I'm having issues scraping data from a website. The issue might be with Visual Studio Code, I am using the "Code Runner" extension. This is my first time using Beautiful Soup and Selenium so the issue might also be with my code. I started last Friday and after some difficulty came up with a solution on Saturday. My code is:
import requests
from bs4 import BeautifulSoup, SoupStrainer
from selenium import webdriver
from selenium.webdriver.common.keys import Keys
parcelID = 1014100000 #this is a random parcelID I grabbed from the site
url = 'https://www.manateepao.com/parcel/?parid={}'.format(parcelID)
driver = webdriver.Chrome()
driver.get(url)
html = driver.execute_script("return document.documentElement.outerHTML")
#was getting encoding error with print(html). replaced character that was giving me trouble
newHTML = html.replace(u"\u2715", "*")
soupFilter = SoupStrainer('div', {'id': 'ownerContentScollContainer'})
soup = BeautifulSoup(newHTML, 'html.parser', parse_only=soupFilter)
webparcelID = soup.find_all('b')
lColumn = soup.find_all('div', {'class' : 'col-sm-2 m-0 p-0 text-sm-right'})

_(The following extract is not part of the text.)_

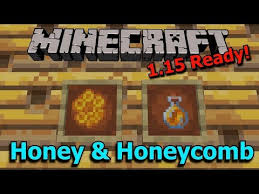 tutorial automatic honey and honeycomb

rColumn = soup.find_all('div', {'class' : 'col-sm m-0 p-0 ml-2'})
parcel_Dict = {}
for i in range(len(lColumn)):
parcel_Dict[i] = {lColumn[i].string: rColumn[i].string}
#This is to test if I got any results or not
print(parcel_Dict)
driver.close()
driver.quit()
What I am hoping to find each time I scrape a page is:
- The Parcel ID. This is in its own bold, b, tag.
- The Ownership and Mailing Address. The Ownership should always be at parcel_Dict[1] and the mailing address should always be at parcel_Dict[3].
I run the code and sometimes I get a result, and other times I get an empty dictionary.
Thank you for any help you can provide.